Paper No. 36-9
Presentation Time: 3:55 PM
THE ACTIVE WARWICK STRIKE-SLIP FAULT AND THE COLUMBIA HILLS THRUST FAULT OF THE YAKIMA FOLD AND THRUST BELT ACCOMMODATE VERTICAL-AXIS ROTATION IN THE CASCADIA BACKARC
Contractional and strike-slip structures accommodate clockwise vertical-axis rotation of the North America plate above the Cascadia Subduction Zone. New geological mapping, geochemical and geochronologic data, and structural analyses of the Columbia Hills anticline (CHA) and thrust fault (CHTF) and the dextral Warwick fault zone (WFZ) in southern Washington reveal how transpressional structures partition this deformation.
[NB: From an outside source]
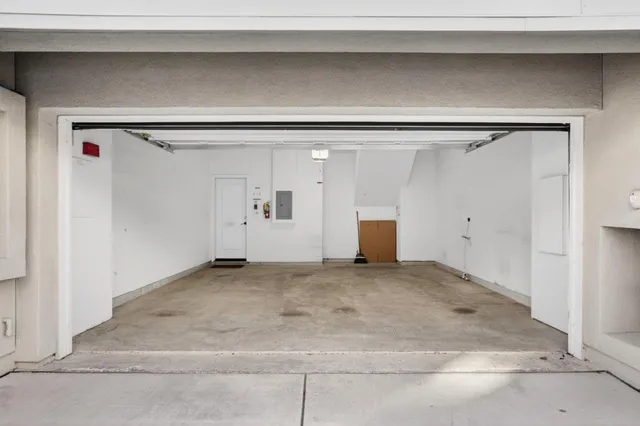 a view of a patio with couple of chairs and a potted plant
The CHA is a S-verging anticline, with a shallow (7-18°) N-dipping back limb and a poorly-expressed S-dipping forelimb. The NW-trending WFZ cuts the CHA and CHTF. West and east of the WFZ, the CHTF juxtaposes Columbia River Basalt Group units. West of the WFZ, Grande Ronde Basalt is thrust over the younger Wanapum Basalt, Priest Rapids member, Basalt of Rosalia (15.9 ± 0.02 1σ Ma) flow. Line-balanced cross-sections to the west and east of the WFZ using CHTF dips of 30°N and 45°N both indicate ~1 km of post-15.9 Ma shortening. Post-15.9 Ma shortening rates on the CHTF west and east of the WFZ are 0.04-0.06 ± 0.01 mm/yr and 0.05-0.09 ± 0.01 mm/yr, respectively. Whether the CHTF is active in the Quaternary is uncertain. East of the WFZ, the Haystack Butte basalt (40Ar/39Ar age = 0.834 ± 0.004 Ma) flowed down a paleochannel across the CHTF. Roughly 19 m relief marks the basal contact elevation change across the fault. If the change in elevation reflects fault uplift, offset of the Haystack Butte basalt yields a post-0.8 Ma shortening rate of 0.02 ± 0.01 mm/yr. Deformed loess deposits dated by luminescence indicate WFZ activity and fault slip after ~110 ka. Active and abandoned channels incised into Quaternary sediments are offset as much as 0.5 km across the WFZ. The ~50-km-length of the WFZ exceeds the ~4 km width of the CHA, indicating that the WFZ accommodates shear regionally. The Brocher et al., (2017) regional model predicts a WFZ slip rate of ~0.1 mm/yr, similar to the ~0.12 mm/yr estimated rate from separation of the CHA across the WFZ. Post-Miocene CHTF shortening rates account for only ~50% of the predicted 0.1 mm/yr regional shear. Depending on whether the CHTF is active in the Quaternary, the WFZ thus absorbs 50 to 100% of the predicted regional shear. Earthquakes up to Mw 7.2 on the WFZ or CHTF are possible given fault dimensions and historical seismicity.
Brocher, et al., 2017, Tectonics, doi:10.1002/2016TC004223.